> **About this exercise**
Dropping every picture, set down exactly the lines in the entries below, starting with the line with "Casă individuală cu" and going on through the line with "Wholesale Long Leaf Alloy Earrings".

> **Task material**
● ● ● ● ●

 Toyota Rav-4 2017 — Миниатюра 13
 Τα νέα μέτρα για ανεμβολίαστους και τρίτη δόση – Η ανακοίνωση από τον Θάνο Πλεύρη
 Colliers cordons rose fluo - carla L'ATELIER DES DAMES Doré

● ● ● ● ●

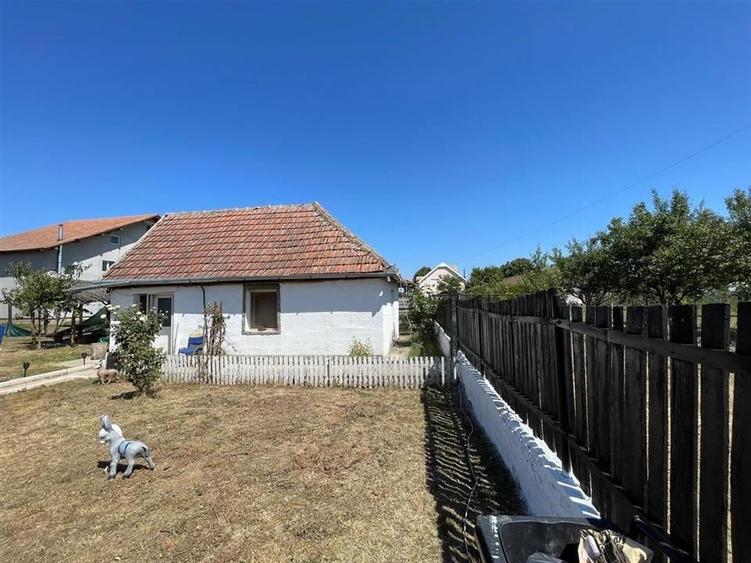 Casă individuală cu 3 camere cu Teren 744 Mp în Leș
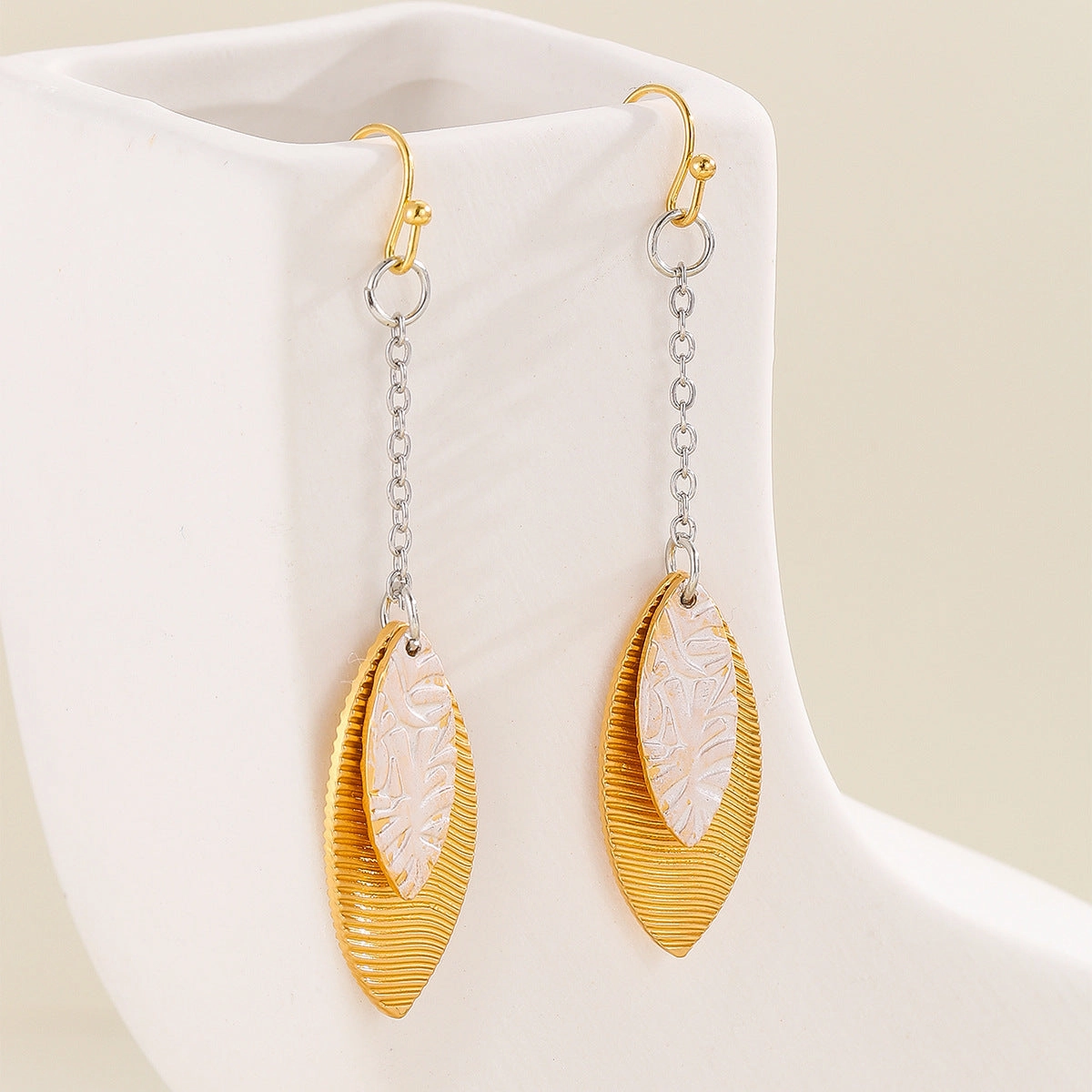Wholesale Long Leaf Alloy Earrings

● ● ● ● ●

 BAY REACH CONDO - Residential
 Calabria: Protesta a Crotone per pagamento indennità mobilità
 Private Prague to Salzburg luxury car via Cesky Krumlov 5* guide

● ● ● ● ●

> **Task output**
 Casă individuală cu 3 camere cu Teren 744 Mp în Leș
Wholesale Long Leaf Alloy Earrings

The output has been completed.